Tabular XML File - Data360_Analyze - Latest

Data360 Analyze Server Help

Product type
Software
Portfolio
Verify
Product family
Data360
Product
Data360 Analyze
Version
Latest
Language
English
Product name
Data360 Analyze
Title
Data360 Analyze Server Help
Copyright
2024
First publish date
2016
Last updated
2024-11-28
Published on
2024-11-28T15:26:57.181000
Table 1. Changes in this topic
Change type Description
Updated in version 3.16.0 Added SubstituteInvalidCharacters property.

Transforms an input XML file which contains tabular data into the native BRD format used by Data360 Analyze nodes.

This particular variant of the Tabular XML node reads a file in from disk via either a single static filename or a list of filenames read from the input pin. In all other respects, it behaves exactly as defined in the description below.

The Tabular XML nodes transform "tabular" XML data into a BRD. A"tabular" XML file is one in which a single "record" of data is stored inside a single XML element. The "fields" of the XML record could either be in attributes on this record element or in subelements underneath the record element. This node works best for situations where all data for each output record is underneath this record element.

The Tabular XML nodes can take in XML either from a file on disk or as a string of XML data in a field of an input BRD.

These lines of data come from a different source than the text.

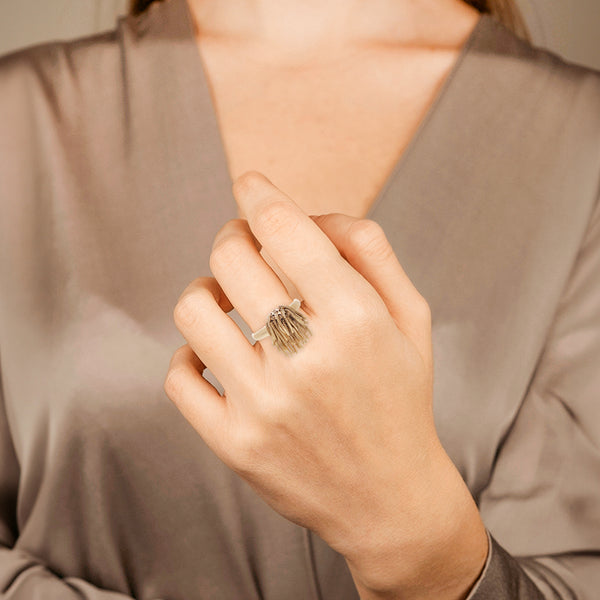Anillo diseño especial con aplicaciones en oro amarillo 14 kilates.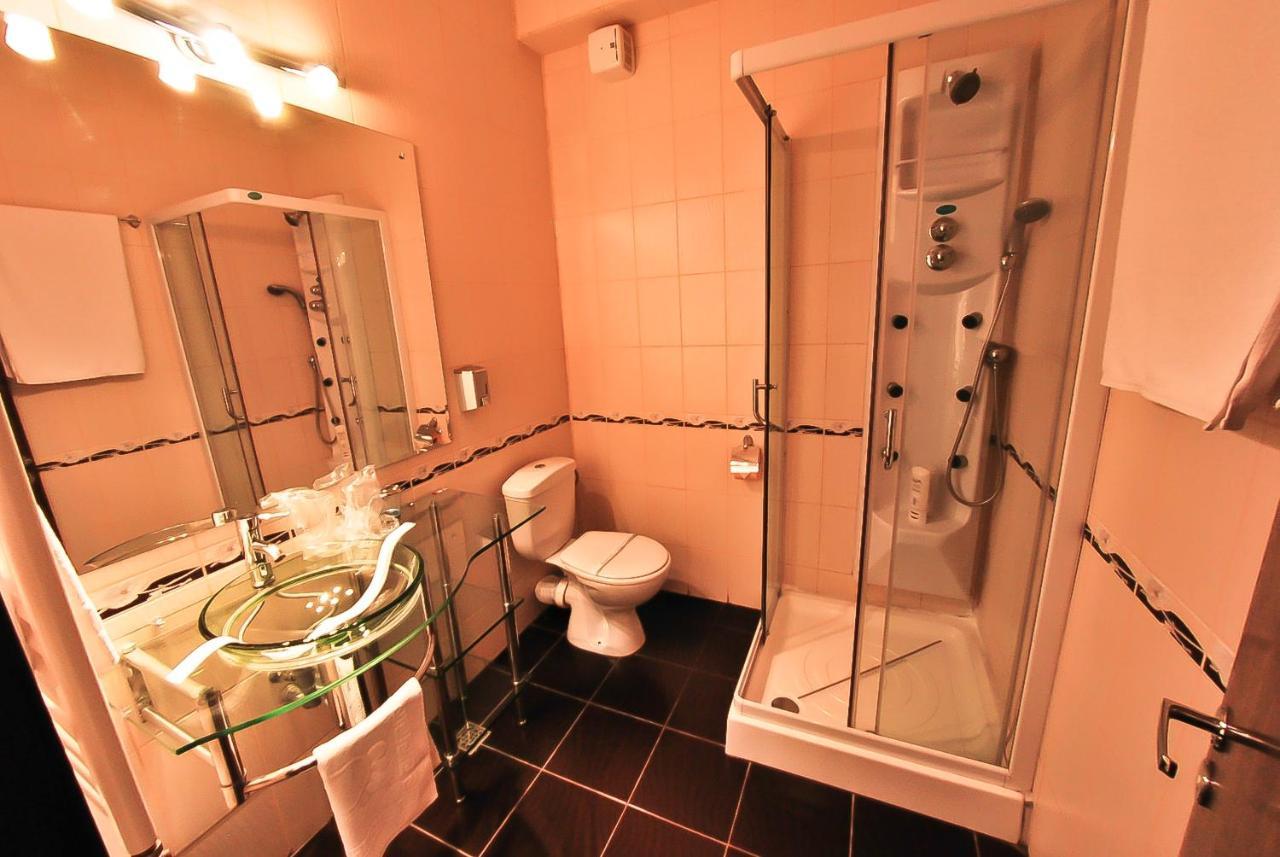 Hotel Magic Gt Trivale بيتستِ المظهر الخارجي الصورة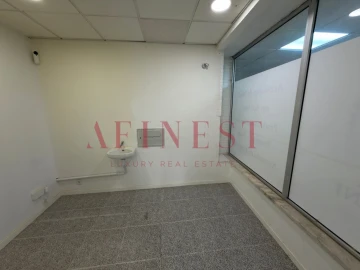 Loja para Arrendamento em Costa da Caparica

In order to use the Tabular XML nodes, the user first needs to identify the element that defines the records in the XML. The XPath to this element is placed in the RecordXPath property. Once the record element has been identified, then the user needs to identify the fields and values within that record via the FieldNameXPath and FieldValueXPath properties. FieldNameXPath and FieldValueXPath must be absolute XPaths.Field names and values are matched based upon the order in which they are found in the XML file. Because of this, even if the fields inside of an XML record change order between records, the node will output the values in the correct field. Also, even if the order of unions in the FieldNameXPath are different from the order in the FieldValueXPath, the values are still output to the correct fields.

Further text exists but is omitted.